## Assignment
Only the lines below from the one with "It can be more" through the one with "Tip number nine: be" are to be written out, exactly and without any images.

## Data for analysis
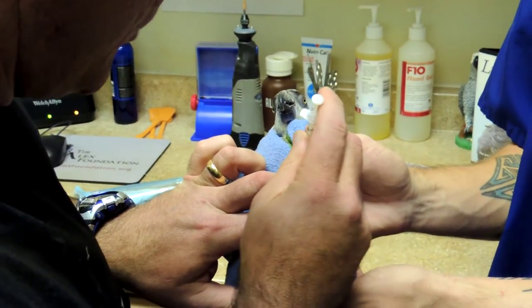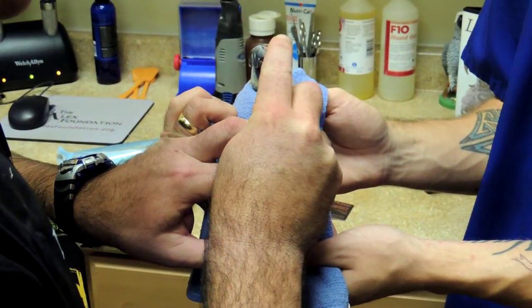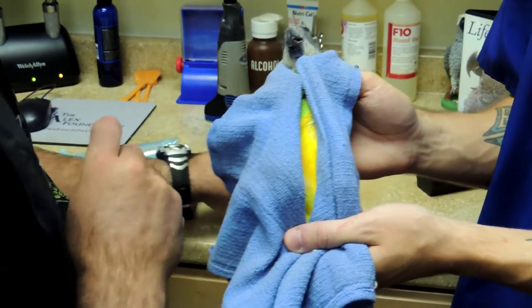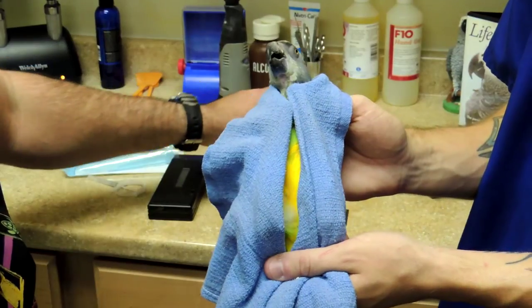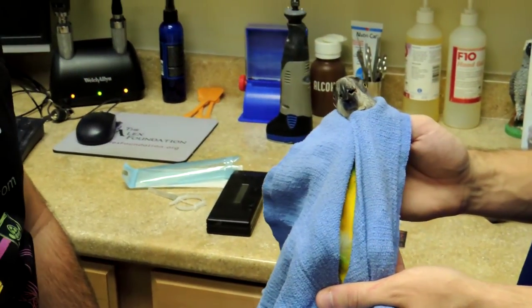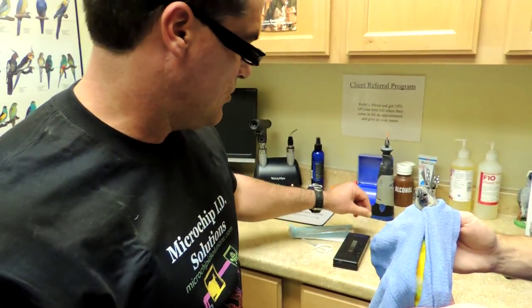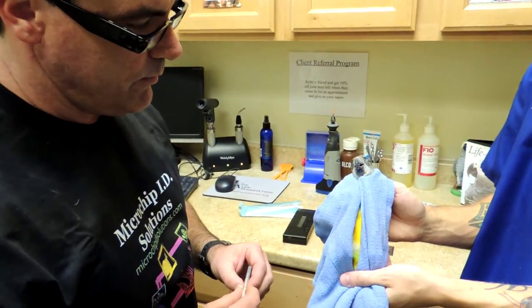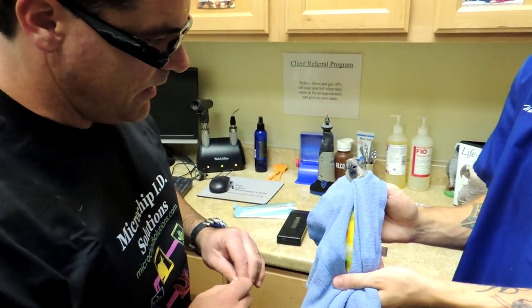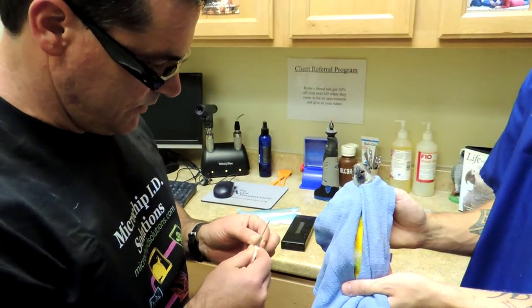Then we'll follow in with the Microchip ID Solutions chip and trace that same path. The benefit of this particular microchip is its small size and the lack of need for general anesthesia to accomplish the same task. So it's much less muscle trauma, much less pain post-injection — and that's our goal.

==

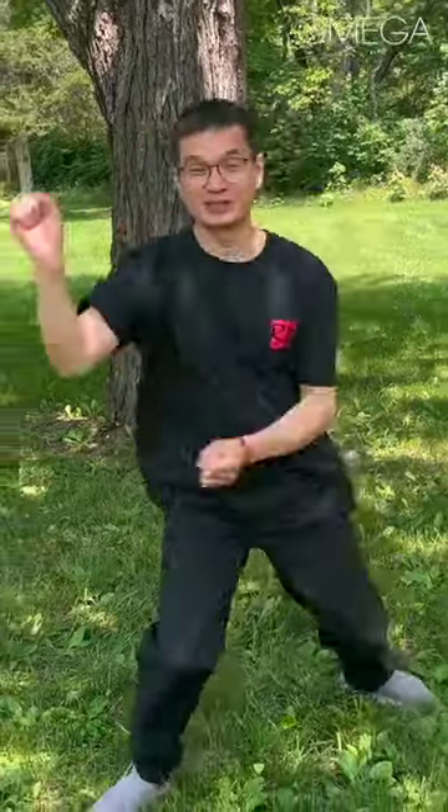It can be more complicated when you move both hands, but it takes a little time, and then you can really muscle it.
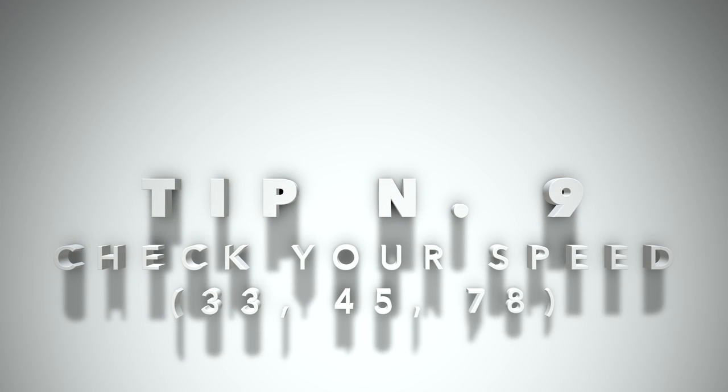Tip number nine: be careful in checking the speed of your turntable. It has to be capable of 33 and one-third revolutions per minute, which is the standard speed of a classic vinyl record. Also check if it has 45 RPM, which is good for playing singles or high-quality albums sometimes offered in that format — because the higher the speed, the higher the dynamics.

## Exercise response
It can be more complicated when you move both hands, but it takes a little time, and then you can really muscle it.
Tip number nine: be careful in checking the speed of your turntable. It has to be capable of 33 and one-third revolutions per minute, which is the standard speed of a classic vinyl record. Also check if it has 45 RPM, which is good for playing singles or high-quality albums sometimes offered in that format — because the higher the speed, the higher the dynamics.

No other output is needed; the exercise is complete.